Red October used to be a fictional Soviet submarine. This fall it was applied to the heat wave in the eastern United States. I think I will remember 2007's Red October not for unseasonable weather but for the storm of rage by many GLBT activists against Rep. Barney Frank (D.-Mass.) and others over the federal Employment Non-Discrimination Act (ENDA).
With Rep. Tammy Baldwin's (D.-Wis.) transgender-inclusive amendment having died for insufficient votes, we face the prospect of GLBT organizations seeking to defeat a gay rights bill for being imperfect. It's enough to make activists who know their history see red.
What will activists do if Frank's gay-only version of ENDA, H.R. 3685, passes? Punish members of Congress for supporting a pro-gay bill? If they do that, they might as well send champagne to our enemies.
Many in our community have paid little attention to this fight. And while popular apathy is nothing new, even dedicated pols might ask whether issues like military discrimination are not more important. Indeed, most employers, after decades under Title VII, know enough to keep quiet about their biased motives. The main value of ENDA may be its confirmation of changing social standards. But your perspective will differ if you are a transgender who cannot get a job.
We tend to take our civil order for granted. Recent images of political violence in Pakistan help put things into perspective. As misguided as I consider the all-or-nothing approach to ENDA, and as unfair as I consider the attacks against Frank, angry messages are not insurrection. Nor did Frank hurl incendiary devices. He talked to his colleagues and called a press conference.
Creating change requires gaining receptive attention. The point here is that gender variance exists whether acknowledged or not, and repressing it is as useless as punishing left-handed children. Bringing it home to people that transgenders are not remote abstractions but are their neighbors requires persistent and patient engagement.
October's outpouring of advocacy for transgender equality, like the Senate's passage of trans-inclusive hate-crime legislation, is progress on which to build. It will help if we can find ways to channel our frustration and anger productively instead of maligning one another.
But as we move on, we should face the reality that some among us are by temperament perpetually disaffected. They are the sort of people who believe that complex conspiracy theories are the best explanations for every calamity, and are so mistrustful of their own allies that they readily believe the worst about them. These are people who refuse to take "yes" for an answer. Like the 1960s Black Power radical Stokely Carmichael (later Kwame Ture), they would rather remain protesting outsiders than join their colleagues who are taking responsibility and moving into governance. At some point, we have to let these self-exiled people go.

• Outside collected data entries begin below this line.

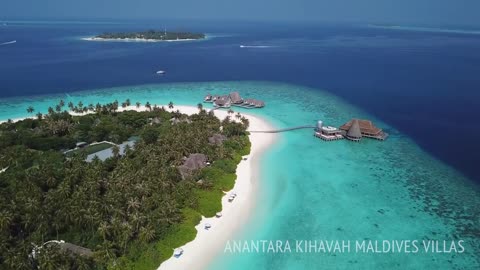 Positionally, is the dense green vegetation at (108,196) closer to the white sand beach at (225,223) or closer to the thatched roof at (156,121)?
the white sand beach at (225,223)

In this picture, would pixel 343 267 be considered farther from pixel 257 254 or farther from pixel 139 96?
pixel 139 96

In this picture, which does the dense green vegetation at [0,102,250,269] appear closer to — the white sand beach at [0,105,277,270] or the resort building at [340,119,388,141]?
the white sand beach at [0,105,277,270]

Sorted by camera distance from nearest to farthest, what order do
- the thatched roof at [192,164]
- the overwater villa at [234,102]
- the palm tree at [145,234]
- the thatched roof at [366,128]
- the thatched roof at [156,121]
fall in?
1. the palm tree at [145,234]
2. the thatched roof at [192,164]
3. the thatched roof at [366,128]
4. the thatched roof at [156,121]
5. the overwater villa at [234,102]

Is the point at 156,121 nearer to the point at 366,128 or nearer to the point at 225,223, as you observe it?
the point at 225,223

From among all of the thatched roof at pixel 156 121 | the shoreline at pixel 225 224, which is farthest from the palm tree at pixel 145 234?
the thatched roof at pixel 156 121

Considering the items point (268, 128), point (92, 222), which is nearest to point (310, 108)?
point (268, 128)

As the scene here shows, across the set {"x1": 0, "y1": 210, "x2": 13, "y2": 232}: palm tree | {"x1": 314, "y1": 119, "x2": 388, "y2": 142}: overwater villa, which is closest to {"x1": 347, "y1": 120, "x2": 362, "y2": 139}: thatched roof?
{"x1": 314, "y1": 119, "x2": 388, "y2": 142}: overwater villa

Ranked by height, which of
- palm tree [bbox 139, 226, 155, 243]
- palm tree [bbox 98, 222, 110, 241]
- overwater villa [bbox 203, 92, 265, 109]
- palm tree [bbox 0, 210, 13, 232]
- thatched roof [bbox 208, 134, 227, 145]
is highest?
overwater villa [bbox 203, 92, 265, 109]

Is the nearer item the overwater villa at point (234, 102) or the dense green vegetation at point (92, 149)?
the dense green vegetation at point (92, 149) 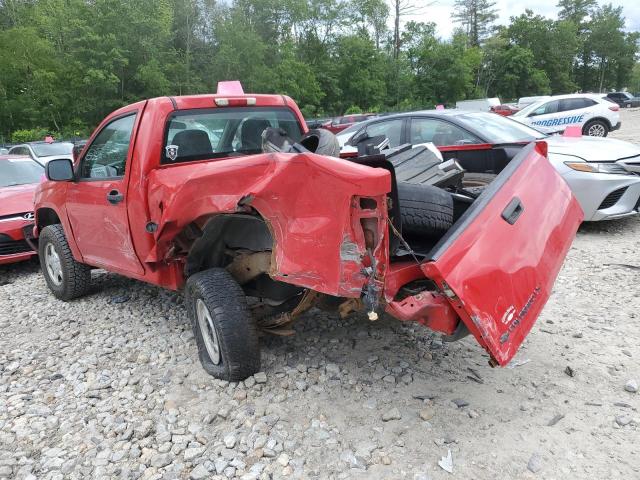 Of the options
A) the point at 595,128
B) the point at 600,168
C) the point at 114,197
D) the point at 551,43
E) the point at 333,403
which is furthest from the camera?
the point at 551,43

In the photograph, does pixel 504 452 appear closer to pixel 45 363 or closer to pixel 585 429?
pixel 585 429

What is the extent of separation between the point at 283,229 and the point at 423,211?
2.58ft

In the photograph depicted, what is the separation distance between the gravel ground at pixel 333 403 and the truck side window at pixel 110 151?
136cm

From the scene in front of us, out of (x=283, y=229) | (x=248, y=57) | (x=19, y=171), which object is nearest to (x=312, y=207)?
(x=283, y=229)

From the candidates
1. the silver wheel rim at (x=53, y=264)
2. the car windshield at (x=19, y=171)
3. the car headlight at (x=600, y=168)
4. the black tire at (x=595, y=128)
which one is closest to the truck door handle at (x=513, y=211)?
the car headlight at (x=600, y=168)

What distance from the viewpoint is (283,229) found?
2590 mm

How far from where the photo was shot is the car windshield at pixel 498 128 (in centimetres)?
629

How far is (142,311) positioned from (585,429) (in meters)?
3.76

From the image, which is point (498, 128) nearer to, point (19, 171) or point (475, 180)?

For some, any coexistence with the established order, even when it involves significant but less than perfect change to that order, is a betrayal. But most of us do not want a revolution -- we just want equality under the law. Similarly, most of us who support equal rights for transgenders do not thereby embrace the farthest-out gender theory. When Gabriel Rotello wrote that research suggests we are all transgender, he was masking a tendentious redefinition of terms as science, as if respecting atypical gender identities requires the majority to ignore their own biology. That is like telling me that to end discrimination against Muslims I must convert to Islam.
I know better than to ascribe this radicalism to everyone with another view. That would be as bad as accusing all incrementalists of transphobia, or dismissing transgender rights altogether as if we were merely discussing academic theories and not actual people. Just as gay equality has moved closer to the vital center of American politics, so will transgender equality. It will happen faster if we do not act against our own interests by denouncing politicians for giving us only 80 percent of what we want. Should we be satisfied with 80 percent? Of course not. We take the 80 percent and keep working. That is, unless we are locked inside an ideological echo chamber.
Alan Weisman, in The World Without Us, describes (among much else) the damage done by water's expansion into hexagonal crystals when it freezes: "Pretty six-sided crystals suggest snowflakes so gossamer it's hard to conceive of them pushing apart slabs of sidewalk." The fact is, small pressure repeatedly applied over time has a powerful effect, whether against sidewalks or discrimination.